# I managed to create the WORST speedcube ever



## Musturd (May 17, 2009)

Are you all ready for the worst speedcube hybrid combination ever?
First of all, get yourself a terrible store-bought Rubik's cube (I got mine when I visited France last summer)
Next, get yourself a painted DianSheng cube (I got mine from cube4you)

Replace the store-bought cube's cubies with DianSheng's cubies. Note: This is VERY hard -- the last layer took me about 10 minutes to assemble.

This hybrid cube locks up, doesn't cut corners, and requires a MASSIVE amount of force to turn.

If anyone would like me to make a video, I will.


----------



## JLarsen (May 17, 2009)

lol it cant be any worse than the  demon cube


----------



## Musturd (May 17, 2009)

Actually, I think this hybrid may be stiffer...
Or at least as stiff, but in order to turn a face the cube must be aligned perfectly.

I'll bring it to Captain's Cove next week.


----------



## spdcbr (May 17, 2009)

lol it cant be any worse than this


----------



## Swoncen (May 17, 2009)

spdcbr said:


> lol it cant be any worse than this



HAHAHAHA.. WTF2L?! Who made this cube?


----------



## RuNeSCaPeR133 (May 17, 2009)

spdcbr said:


> lol it cant be any worse than this



Or this?http://www.youtube.com/watch?v=cx69eM8GczE&feature=related


----------



## Ethan Rosen (May 17, 2009)

Demon Cube > all


----------



## ConnorCuber (May 17, 2009)

Ethan Rosen said:


> Demon Cube > all



Wouldn't it be All > Demon cube, because the Demon Cube is worse than everything else.


----------



## ThePizzaGuy92 (May 17, 2009)

spdcbr said:


> lol it cant be any worse than this



thats got to be the worst.
what was the maker thinking? haha


----------



## MaO (May 17, 2009)

spdcbr said:


> lol it cant be any worse than this



That is the same cube as they sell at DX (sku.4810)


----------



## nitrocan (May 17, 2009)

spdcbr said:


> lol it cant be any worse than this



I had one of these


----------



## Pietersmieters (May 17, 2009)

My Diansheng with A-core and A-screws also feels very stiff, I think it's almost the same


----------



## cookingfat (May 17, 2009)

nitrocan said:


> spdcbr said:
> 
> 
> > lol it cant be any worse than this
> ...



I've got one of those too, mine's got a weird colour scheme, blue opposite red, yellow opposite green, white opposite orange. it has springs and turns ok for a £1 cube. it doesn't unscrew like that one though.


----------



## spdcbr (May 17, 2009)

MaO said:


> spdcbr said:
> 
> 
> > lol it cant be any worse than this
> ...



Go there and burn, blow up, drown, etc. to the cubes.


----------



## shoot1510 (May 17, 2009)

Take the explosion cube as the 2nd wrost speedcube.

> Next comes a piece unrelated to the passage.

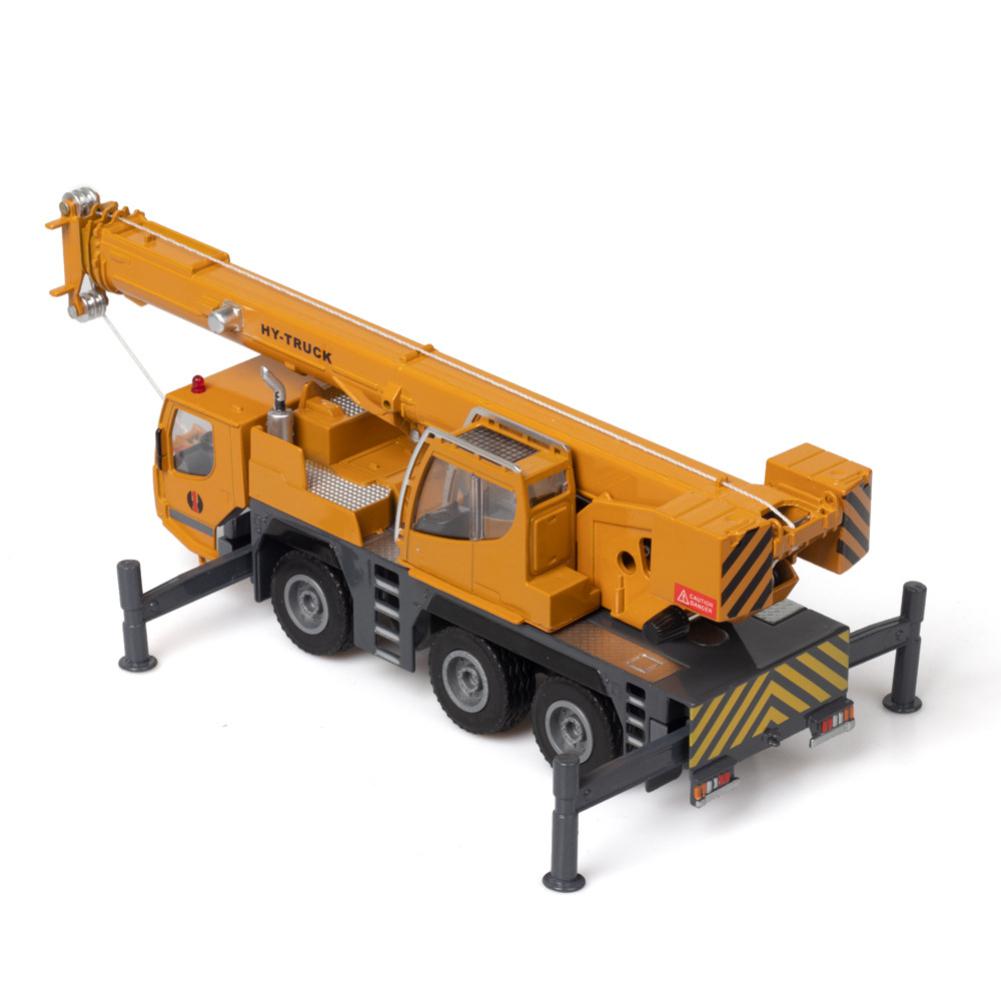 Rctown 1:50 Wheeled Crane Model Legering Auto Model Simuleren Techniek Kraan Speelgoed Decoratie Voor Kinderen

http://www.youtube.com/watch?v=-9N9-6A09CE


----------



## Gray (May 17, 2009)

shoot1510 said:


> Take the explosion cube as the 2nd wrost speedcube.



I lol'd....Just wow


----------



## KubeKid73 (May 17, 2009)

Lmao. That's hilarious.


----------



## Deleted member 2864 (May 17, 2009)

RuNeSCaPeR133 said:


> spdcbr said:
> 
> 
> > lol it cant be any worse than this
> ...



AHAHAHA!!!! 

Uhh... I tink hee speld "should" rogn!!!


----------



## [email protected]! (May 19, 2009)

ive tried this before! i put the pieces in randomly, so it was scrambled. i actually gave up on solving after f2l lol


----------